Deutsche Bank recently released its Alternative Investment Survey, the 16th annual. This year the questionnaires received replies from 436 global hedge fund investors, with assets under management of $2.1 trillion, who shared their insights, sentiments, and allocation plans. 

Glenn Bunn, co-head of Prime Finance at DB, said in a statement that 2017 was a transitional year for the industry, with improved performance, positive flows, and a shift in momentum. “One in every two investors plans to grow their allocation to hedge funds in the next 12 months,” Bunn said. “We found that the average respondent expects to boost the size of their portfolio by $129 million this year.”

DB: Investors Newly Optimistic About Hedge Funds

The plans to boost the portfolio owe something, surely, to the performance in 2017, when the average respondents hedge fund portfolio had achieved a year to date return (before December numbers became available) of 7.97%. The comparable number a year before was just 2.99%.

One of the Most Comprehensive

The respondents come from 21 different companies, and DB describes the survey as “one of the most comprehensive in the industry, focused on pension funds, sovereign wealth funds, endowments, foundations, insurance companies, consultants and funds of hedge funds.”

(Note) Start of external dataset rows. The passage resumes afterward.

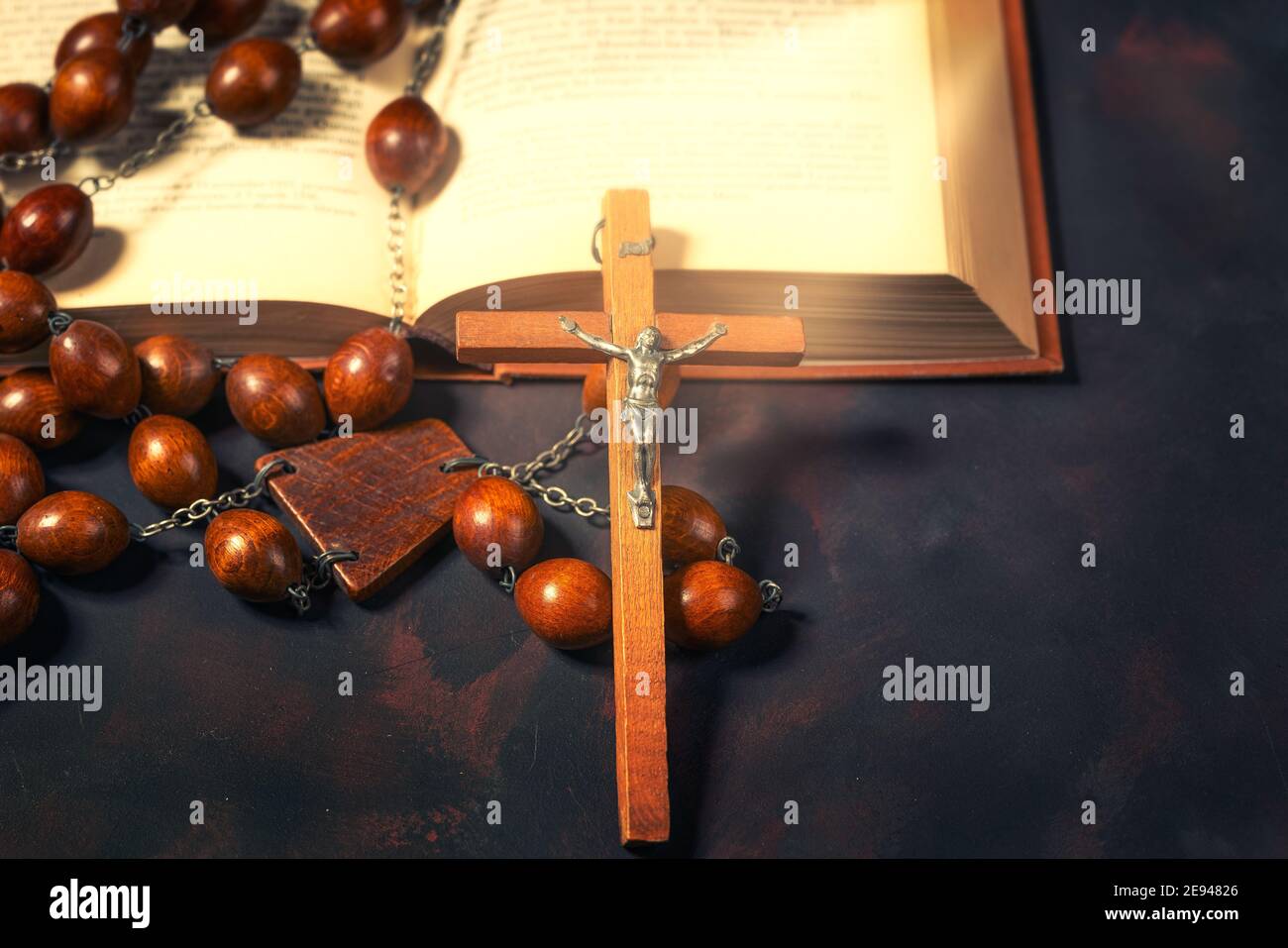 Große hölzerne Rosenkranz Perlen und Kruzifix Kreuz mit jesus und bibel Buch, spirituelle Atmosphäre, Religion Konzept. Stockfoto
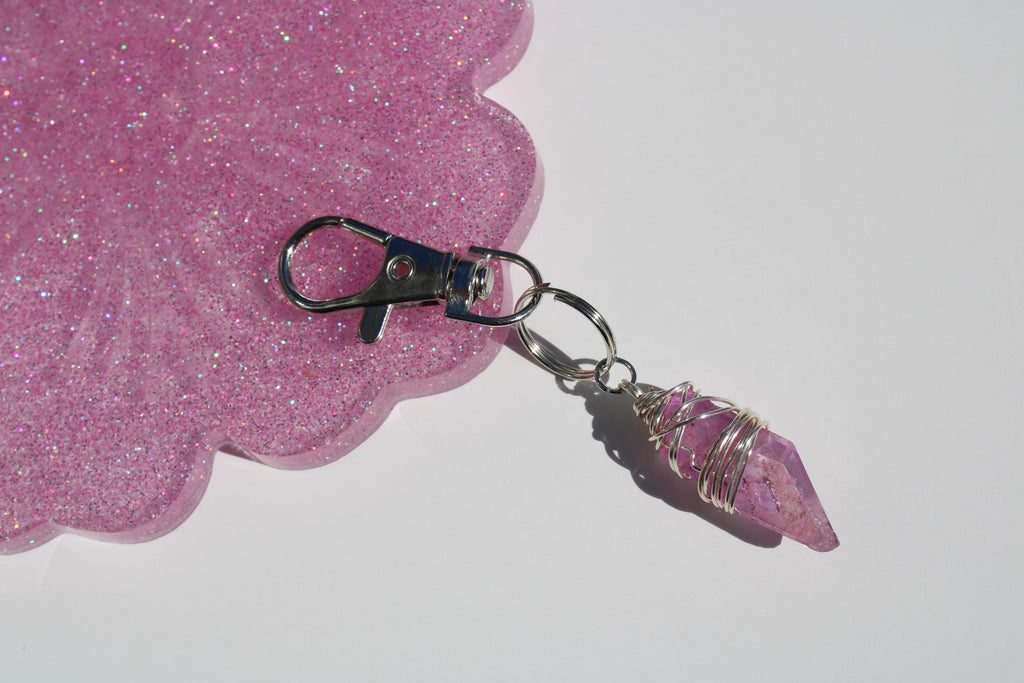 A wire wrapped rose quartz crystal pendant lies on white surface.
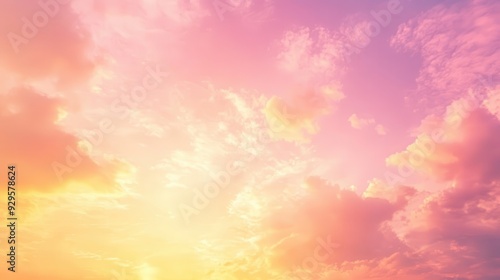 A beautiful sunset sky with pastel colors and fluffy clouds.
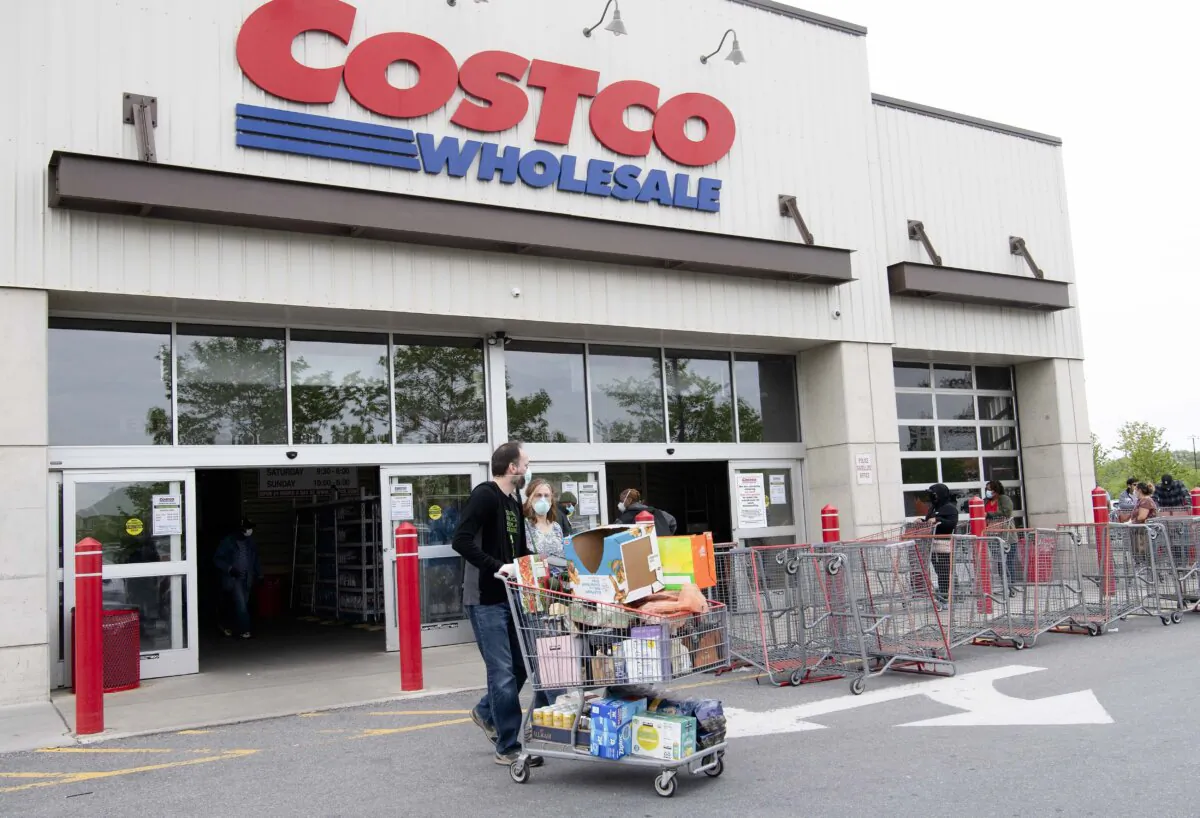 Shoppers walk out with full carts from a Costco store in Washington on May 5, 2020. (Nicholas Kamm/AFP via Getty Images)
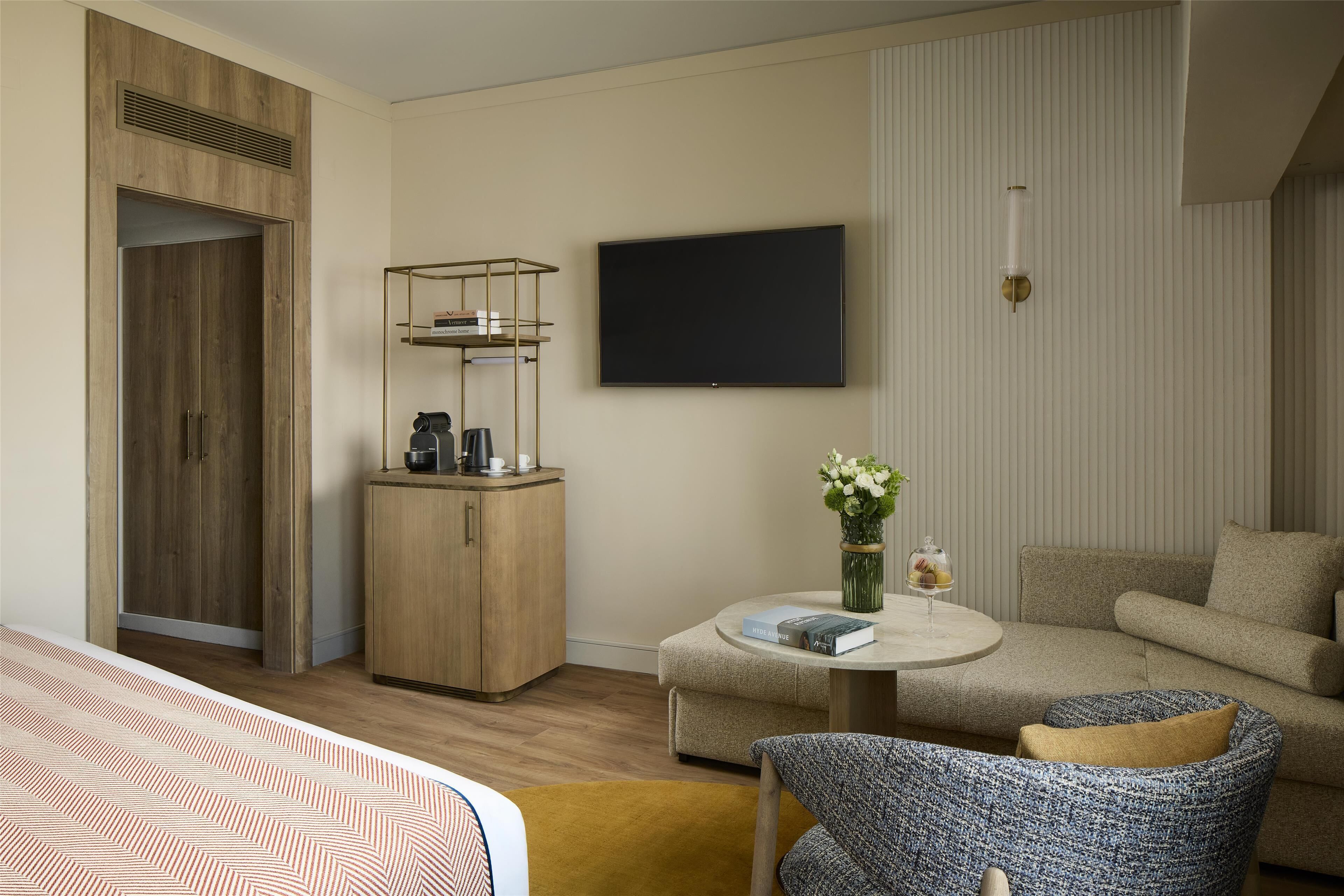Habitación de hotel con cama, sofá, mesa de centro, televisor, armario y un mueble pequeño.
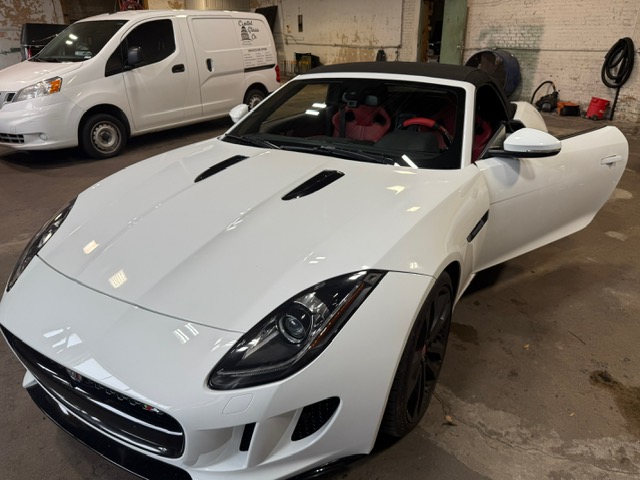 White Jaguar F-Type convertible with red interior at Capitol Glass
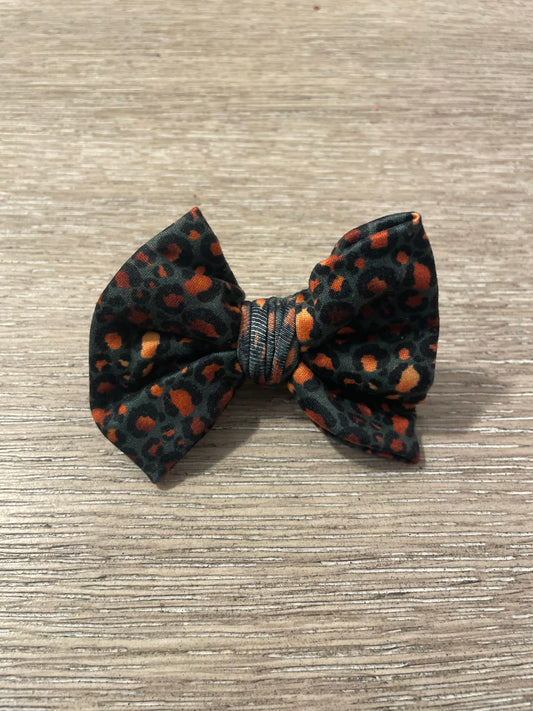 Deep teal gold leopard clip bow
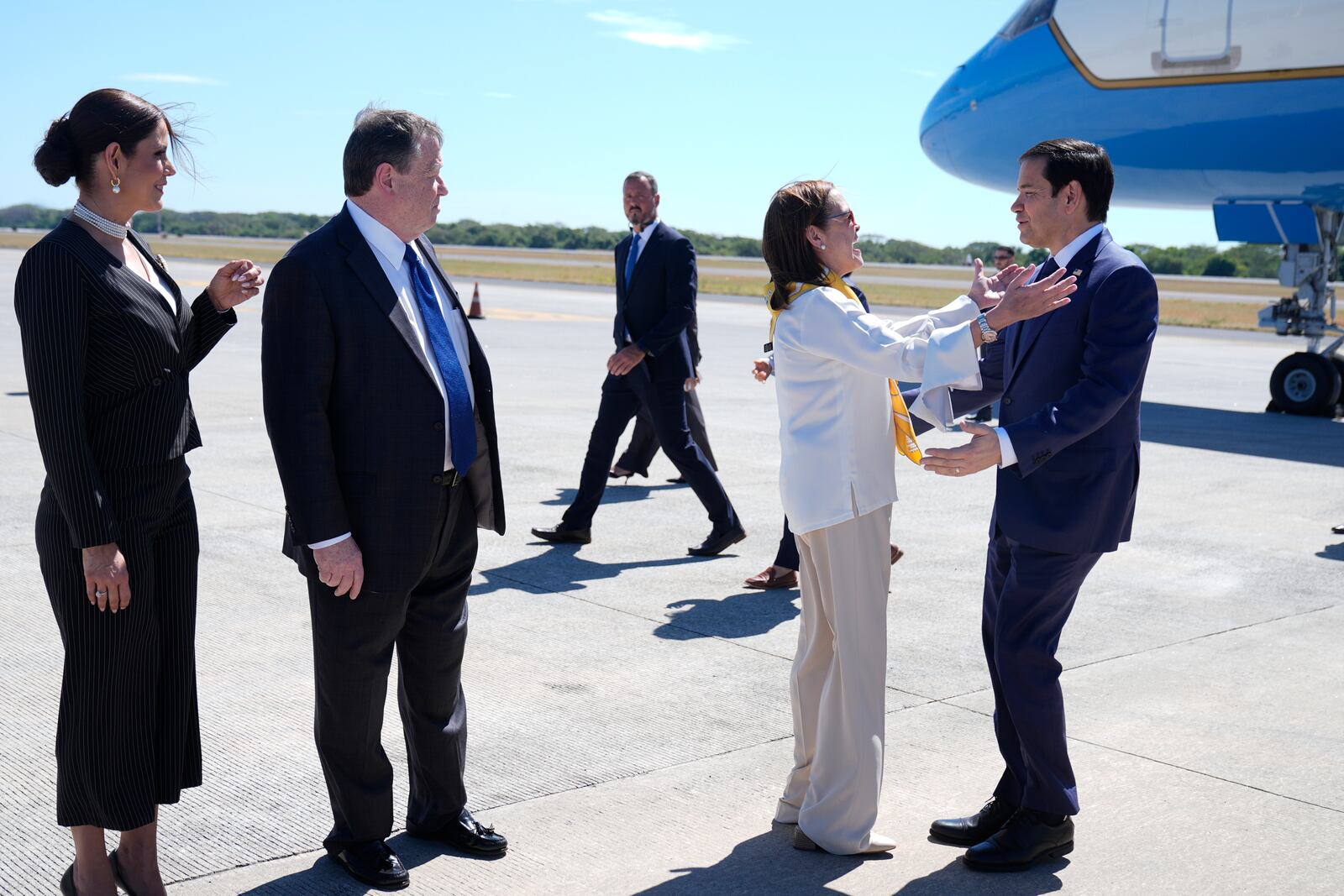 El Salvador's Foreign Minister Alexandra Hill Tinoco welcomes U.S. Secretary of State Marco Rubio, right, upon his arrival to the international airport in San Luis Talpa, El Salvador, Monday, Feb. 3, 2025. Also photographed are U.S. Ambassador to El Salvador William H. Duncan, second from left, and El Salvador Ambassador to the United States Milena Mayorga. (AP Photo/Mark Schiefelbein, Pool)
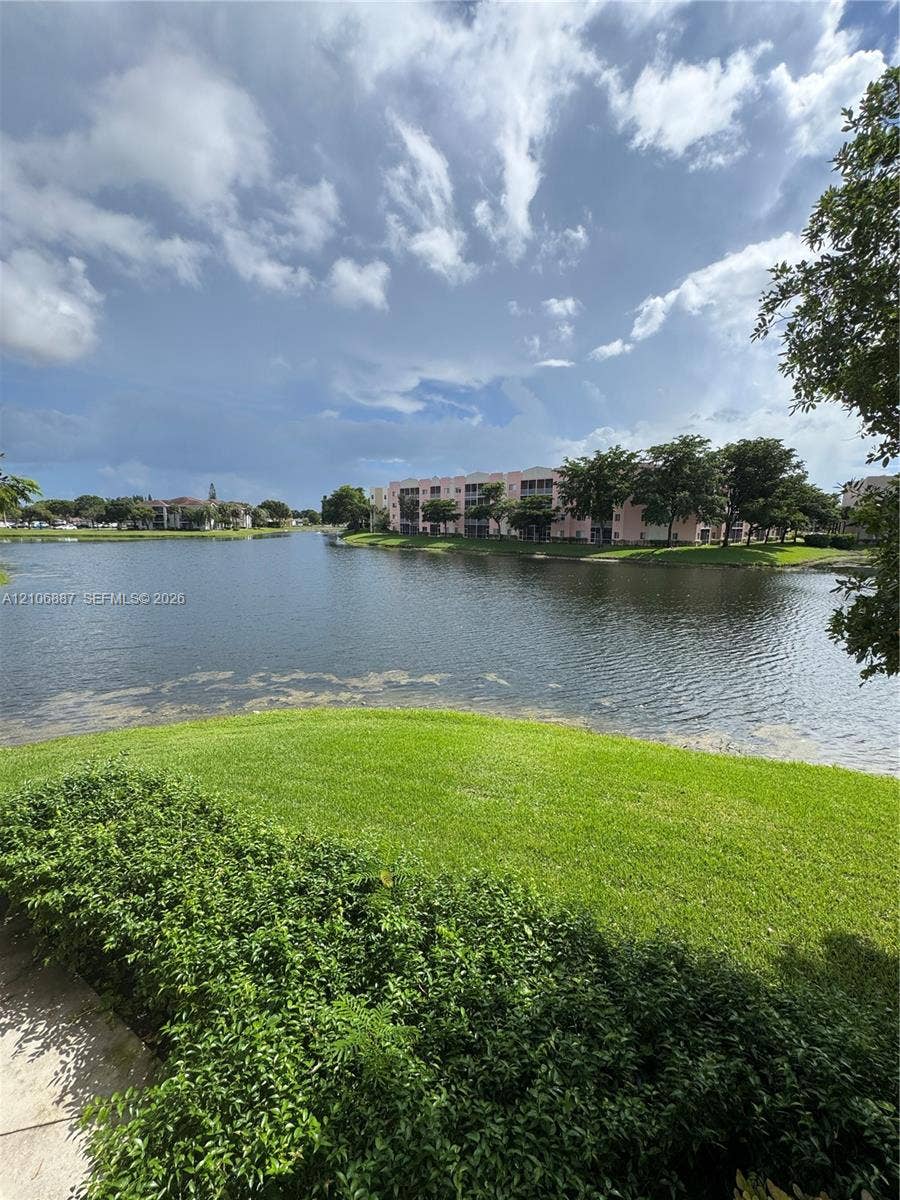 7950 N Nob Hill Road, #202, Tamarac, Tamarac, FL 33321 Waterfront scenery featuring a expansive lake, manicured lawn, and mature greenery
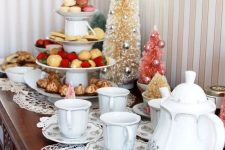 a Christmas tea party station with dolies, white printed porcelain, a tiered stand with cookies and sweets and bottle brush Christmas trees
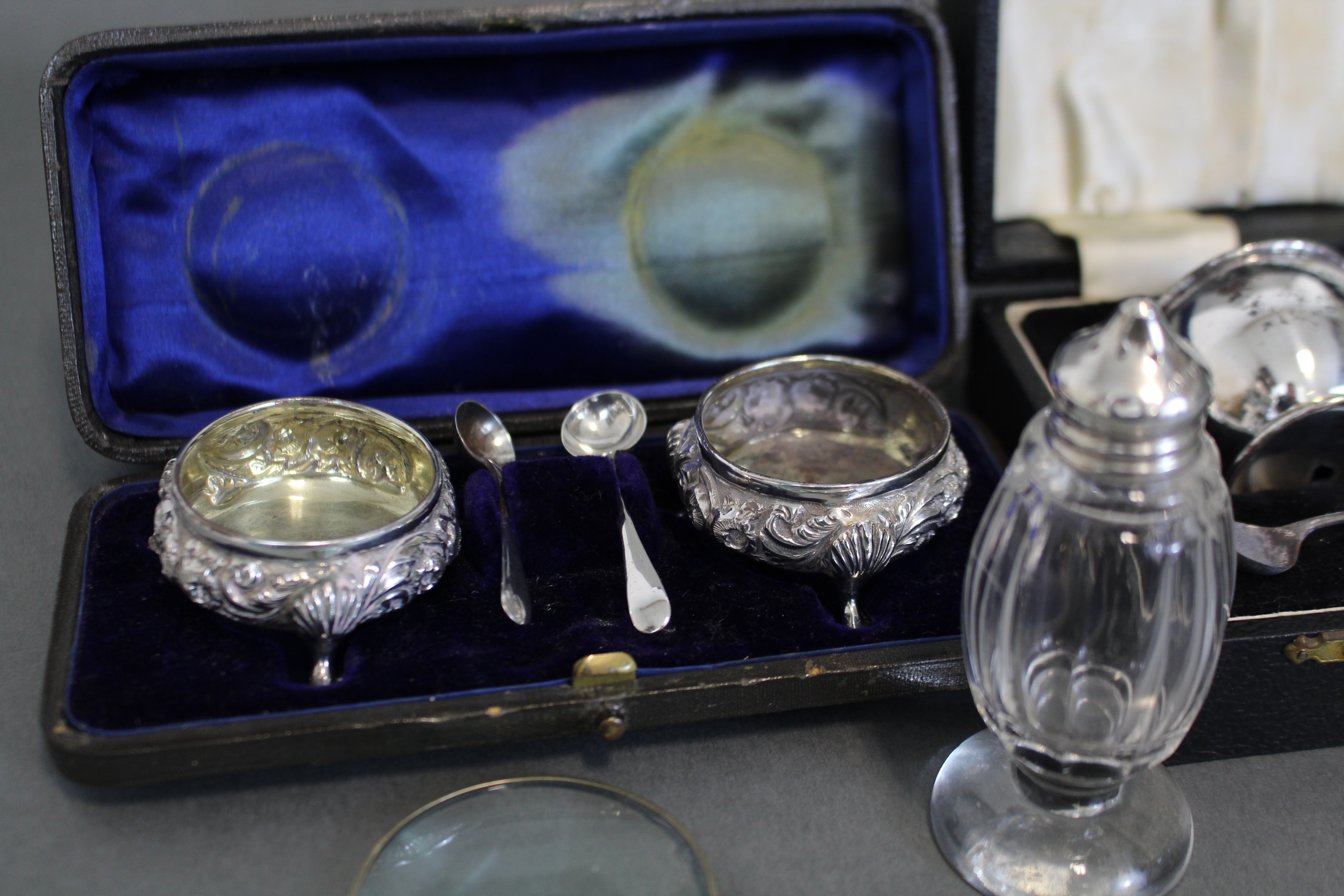 A pair of silver circular salt cellars with embossed shell & scroll decoration, each on three pad - Image 2 of 3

Over the year, the HF industry grew by 6.4%; assets under management reached the record figure $3.21 trillion at year’s end. In last year’s survey, investors’ predictions had fallen a bit short, holding that the year’s end figure would be $3.14 trillion.

For the year to come, respondents are predicting further expansion, and a year’s end AUM of $3.42 trillion.

Half of the respondents expect to increase their own allocation. Another 39% said they will maintain their allocation where it is, so that only 11% plan to reduce it. Last year, only 37% of survey respondents were saying they expected to enhance this sliced of their portfolio, 41% expected to hold to the status quo, and 22% planned to reduce.